**EXERCISE REQUIREMENTS:**
Apart from the pictures, every line below is to be set down exactly.

**SUPPLIED MATERIAL:**
======

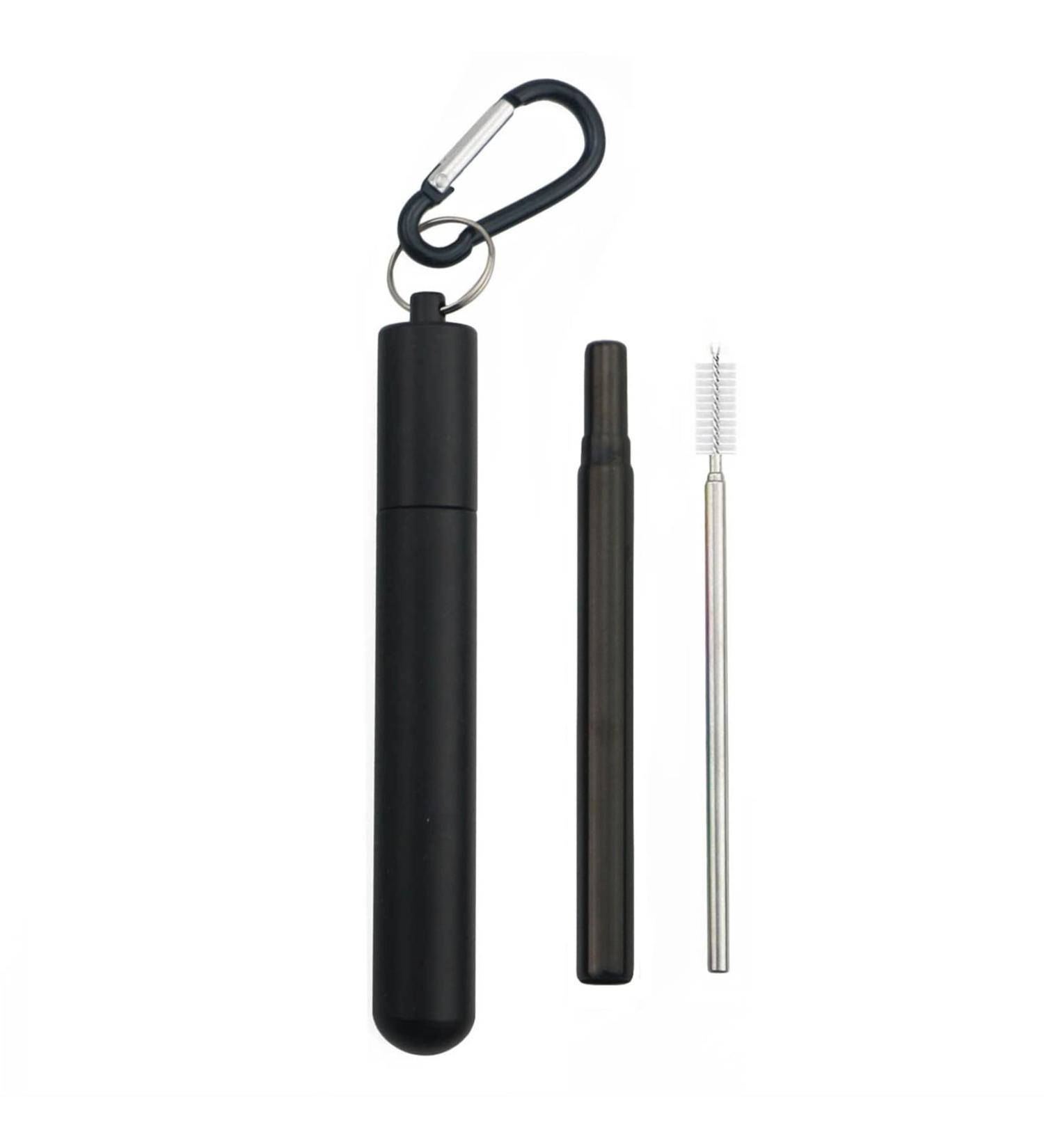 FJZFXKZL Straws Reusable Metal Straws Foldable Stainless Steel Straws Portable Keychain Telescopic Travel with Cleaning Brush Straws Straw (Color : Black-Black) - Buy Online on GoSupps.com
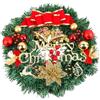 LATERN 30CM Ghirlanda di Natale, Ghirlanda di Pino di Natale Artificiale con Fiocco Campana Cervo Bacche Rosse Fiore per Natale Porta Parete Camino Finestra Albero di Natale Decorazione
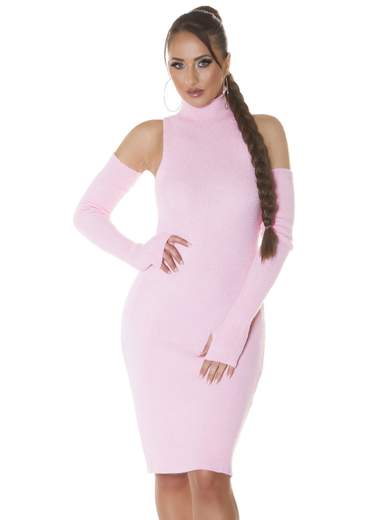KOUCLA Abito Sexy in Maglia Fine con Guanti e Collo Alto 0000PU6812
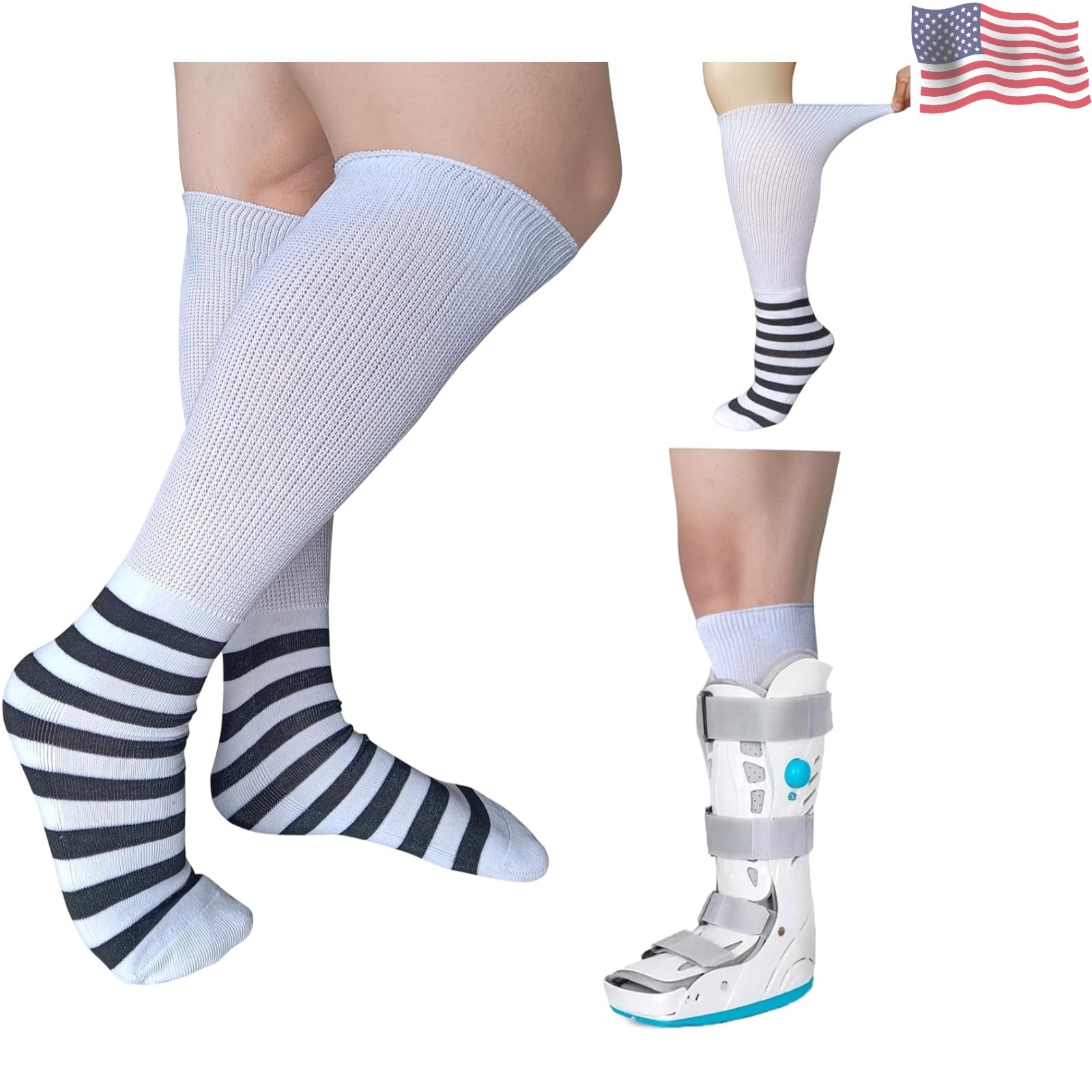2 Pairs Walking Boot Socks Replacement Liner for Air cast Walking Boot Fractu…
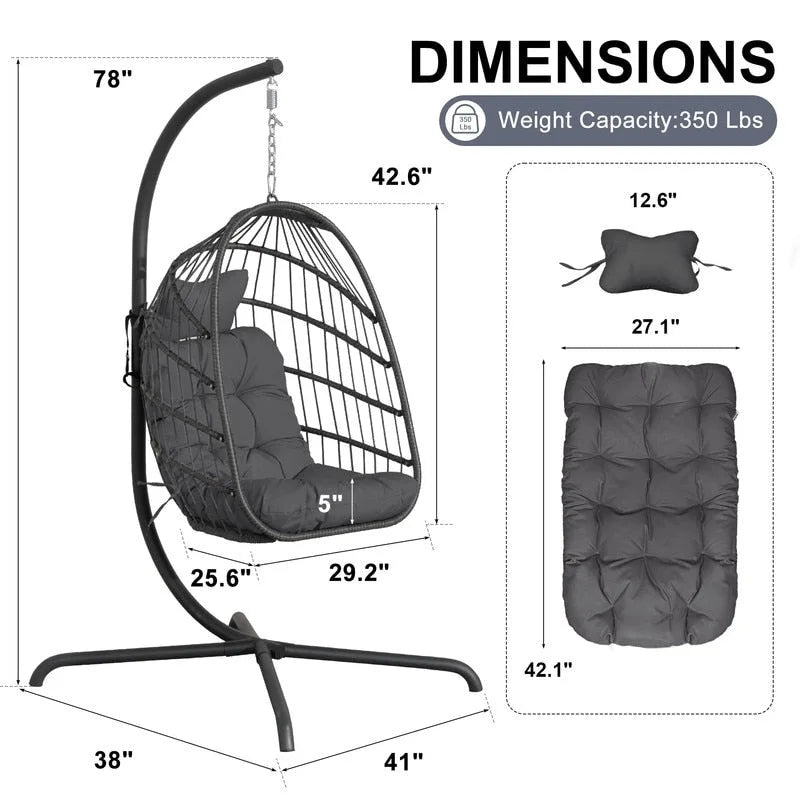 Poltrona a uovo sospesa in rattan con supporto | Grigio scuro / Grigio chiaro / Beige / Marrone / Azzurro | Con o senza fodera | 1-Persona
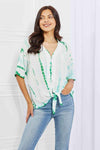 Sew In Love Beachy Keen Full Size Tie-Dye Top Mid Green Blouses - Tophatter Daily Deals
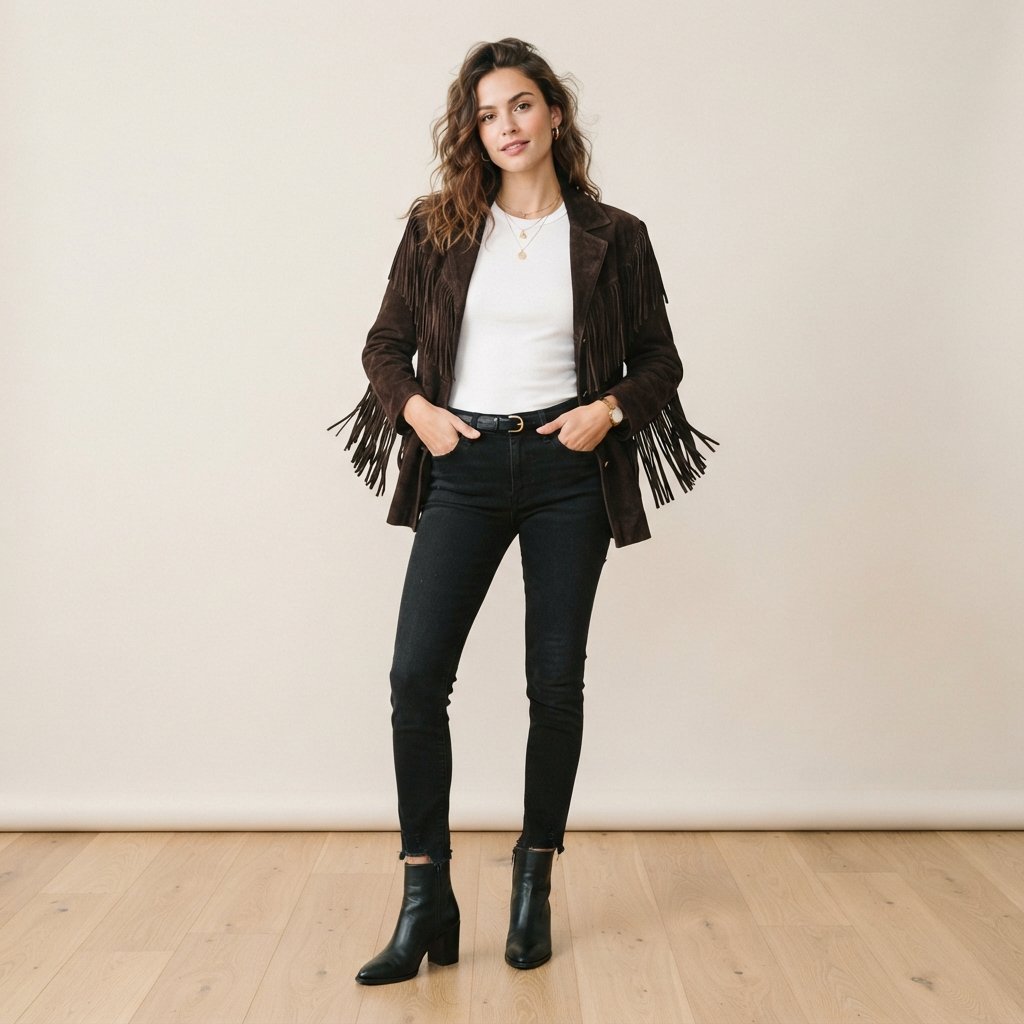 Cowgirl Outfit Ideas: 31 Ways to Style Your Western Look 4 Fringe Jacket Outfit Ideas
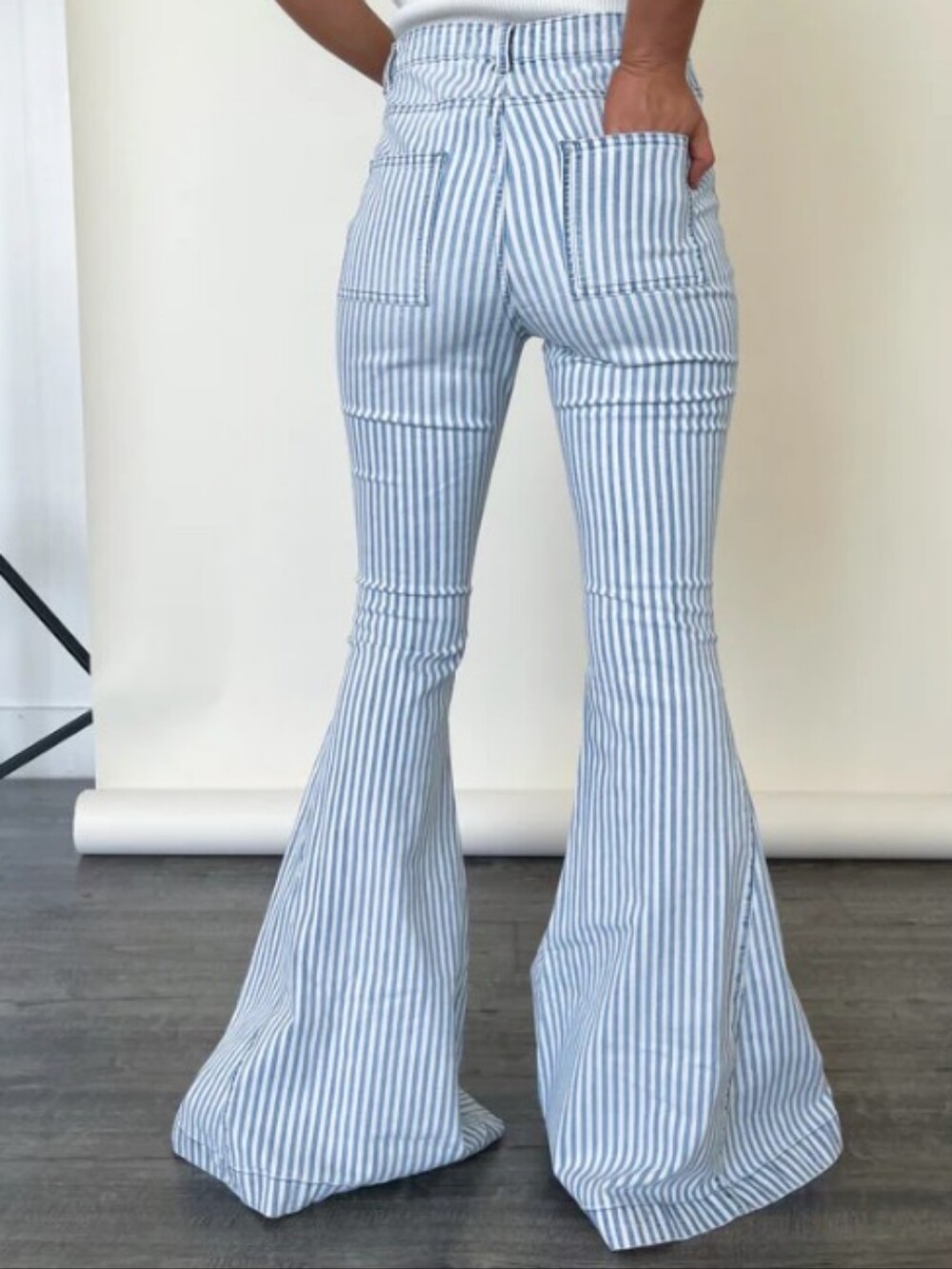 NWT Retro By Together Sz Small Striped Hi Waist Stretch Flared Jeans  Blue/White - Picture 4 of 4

======

**RESPONSE BELOW:**
 FJZFXKZL Straws Reusable Metal Straws Foldable Stainless Steel Straws Portable Keychain Telescopic Travel with Cleaning Brush Straws Straw (Color : Black-Black) - Buy Online on GoSupps.com
 LATERN 30CM Ghirlanda di Natale, Ghirlanda di Pino di Natale Artificiale con Fiocco Campana Cervo Bacche Rosse Fiore per Natale Porta Parete Camino Finestra Albero di Natale Decorazione
KOUCLA Abito Sexy in Maglia Fine con Guanti e Collo Alto 0000PU6812
2 Pairs Walking Boot Socks Replacement Liner for Air cast Walking Boot Fractu…
 Poltrona a uovo sospesa in rattan con supporto | Grigio scuro / Grigio chiaro / Beige / Marrone / Azzurro | Con o senza fodera | 1-Persona
 Sew In Love Beachy Keen Full Size Tie-Dye Top Mid Green Blouses - Tophatter Daily Deals
 Cowgirl Outfit Ideas: 31 Ways to Style Your Western Look 4 Fringe Jacket Outfit Ideas
 NWT Retro By Together Sz Small Striped Hi Waist Stretch Flared Jeans  Blue/White - Picture 4 of 4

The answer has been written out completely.